INSTRUCTIONS TO FOLLOW:
With pictures excluded, give again exactly the lines running from the one holding "Lotus Honolulu at Diamond Head by null" through the end of the listing below.

THE DATA:
▼

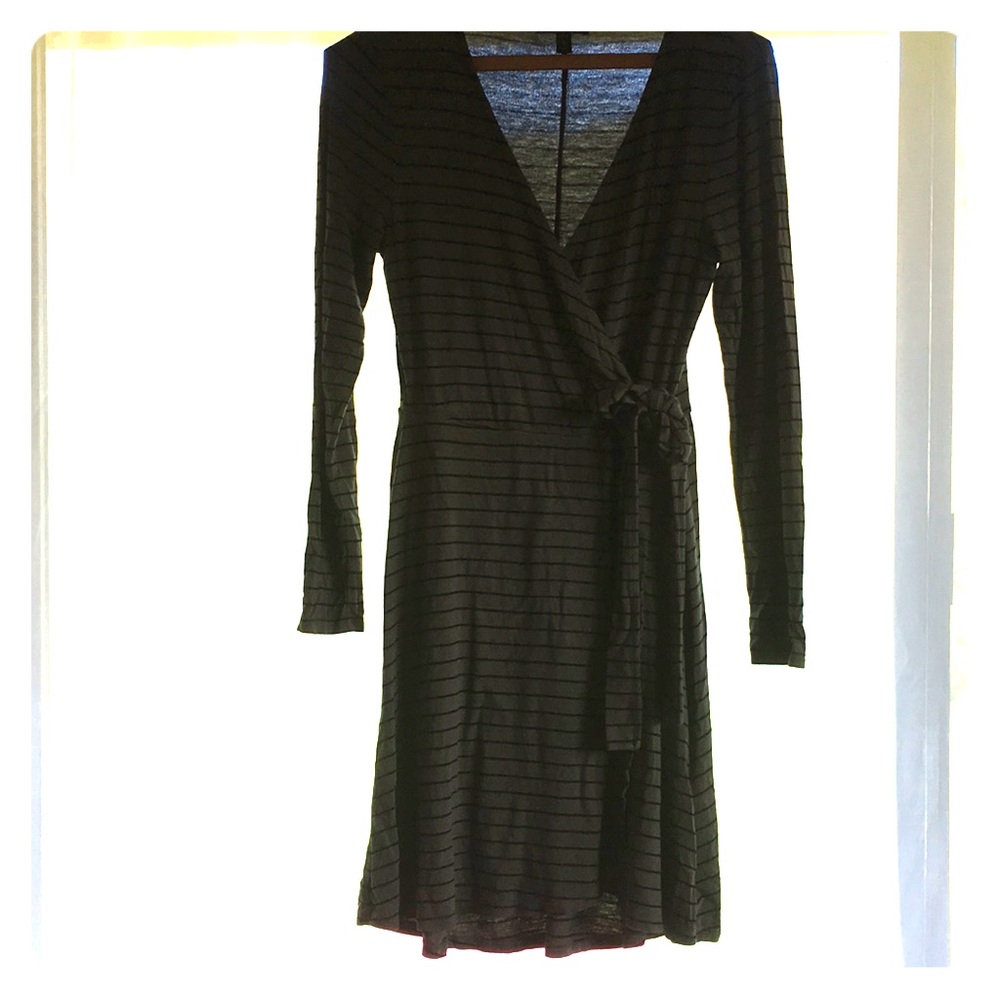 EXPRESS Olive green wrap dress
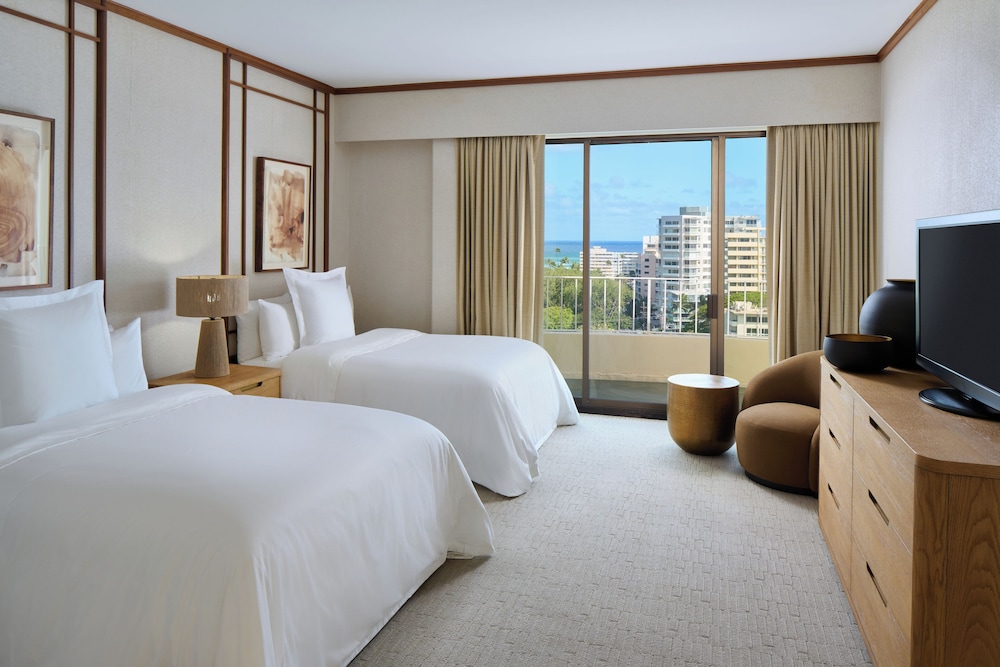 Lotus Honolulu at Diamond Head by null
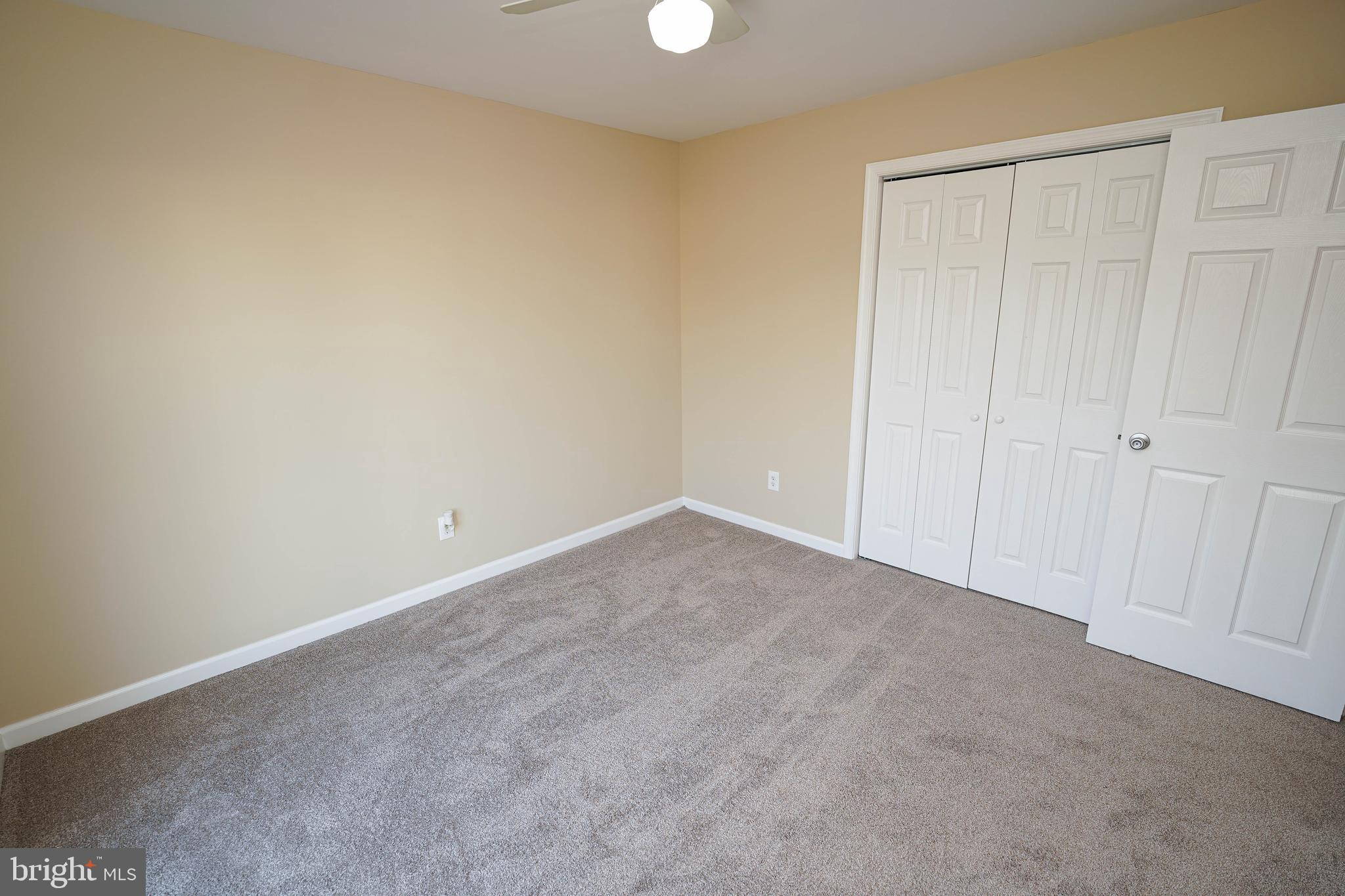 LIVINGSTON HEIGHTS - Residential Lease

▲

ANSWER SECTION:
 Lotus Honolulu at Diamond Head by null
 LIVINGSTON HEIGHTS - Residential Lease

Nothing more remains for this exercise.